Ohio Suing Five Major Pharmaceutical Companies for Opioid Epidemic

Ohio officials have sued five major pharmaceutical companies for the role they played in the current opioid epidemic.

Mike DeWine, the state attorney general alleges in the lawsuit, which was filed on Wednesday, that the five companies helped to unleash a crisis in healthcare that continues to have far-reaching social, financial and deadly consequences in Ohio.

The five companies named in Wednesday’s suit were Purdue Pharma, Teva Pharmaceutical and Cephalon its subsidiary, Endo Health Solutions, Allergan and Johnson & Johnson with Janssen Pharmaceuticals its subsidiary.

The lawsuit, just the second filed of its kind by any state, following Mississippi earlier in 2017, accuses the five companies of taking part in a marketing campaign downplaying the risks of addiction of opioid drugs they are selling while exaggerating their benefits for health problems like chronic pain.

DeWine’s office on Wednesday, in a press release, said the lawsuit claims the pharmaceutical companies took part in fraudulent marketing related to the benefits and risks of the prescription opioids that gave fuel to the epidemic of opioids in Ohio.

The suit said that by the latter part of the 1990s, each of the five named companies had started a persuasion scheme that targeted doctors, whom the state called victims of the systematic misinformation emitted by the companies.

The companies, alleges the lawsuit, persuaded doctors and their patients what they had known – opioids were addictive drugs, not safe in the majority of circumstances for use over the long term – was untrue and the opposite, that treating pain required the use of opioids.

In a prepared statement a Janssen spokesperson called the Ohio lawsuit factually and legally unfounded. The spokesperson added that Janssen had acted responsibly, appropriately and in the patient’s best interest regarding its opioid medications, which are approved by the FDA and carry warnings mandated by the FDA about known risks of the medicine on every label of the product.

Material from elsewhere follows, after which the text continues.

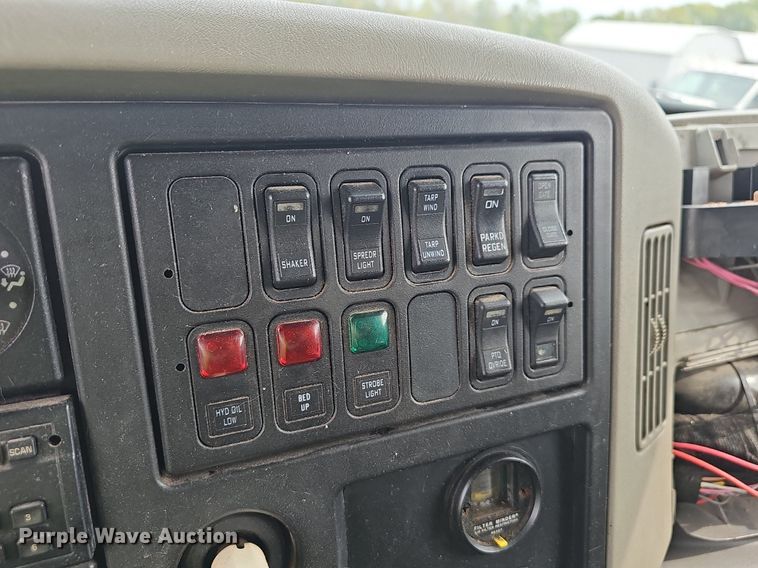 image for item OG9389 2008 International Work Star 7600  dump truck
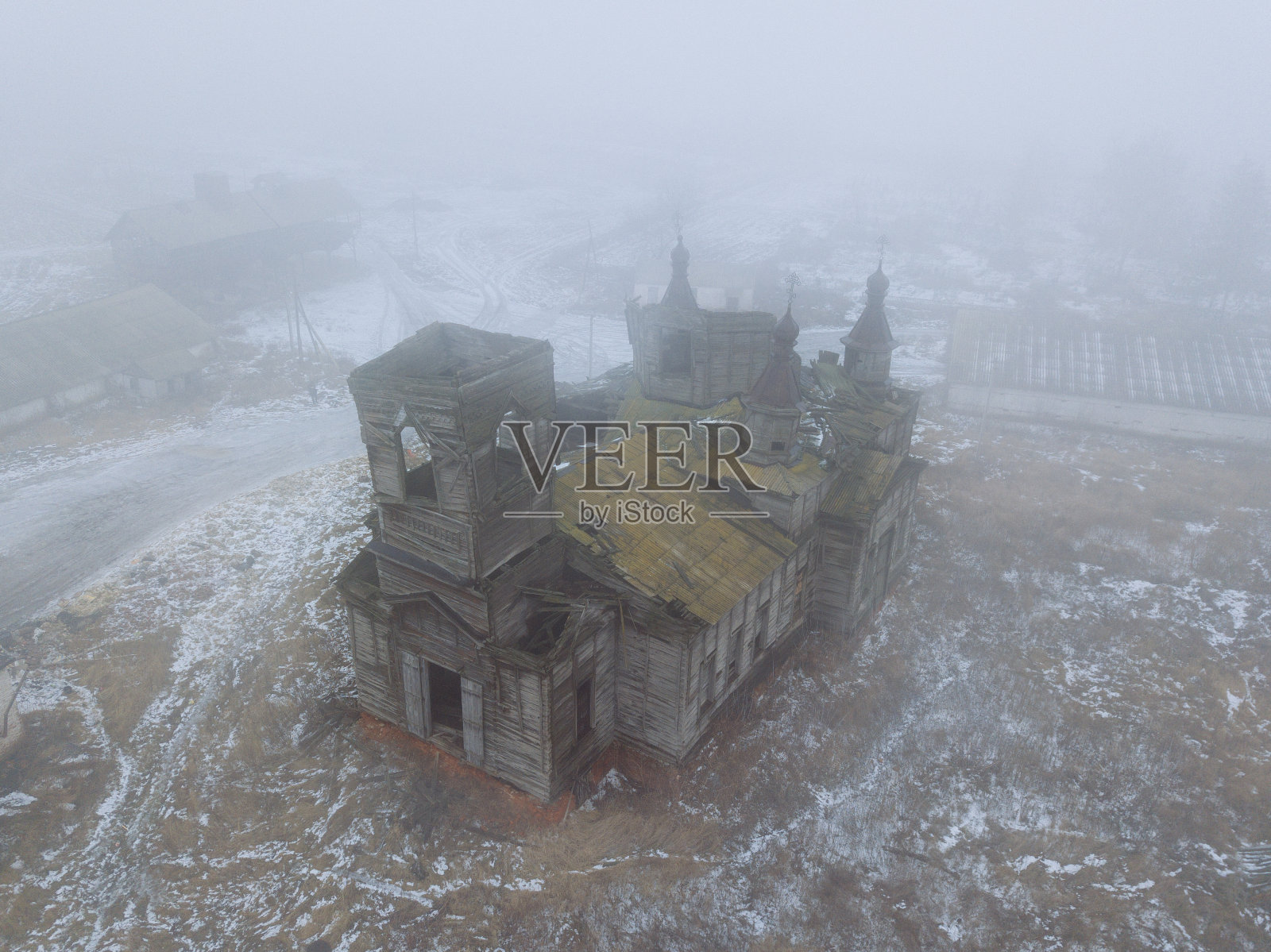 老废弃的木制废墟俄罗斯教堂在卡缅卡，库尔斯克地区，鸟瞰图照片摄影图片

Another defendant, Purdue Pharma, said it has taken part in combating widespread addiction of opioids. The company said that OxyContin represented 2% or less of the opioid prescription market nationwide, but Purdue Pharma is a leader in the industry in developing technology that is abuse-deterrent, advocating for programs of prescription drug monitoring and supporting the access of Naloxone.

Ohio health officials estimate that close to 200,000 people in the state have an addiction to opioids which is close to the population of the city of Akron, Ohio.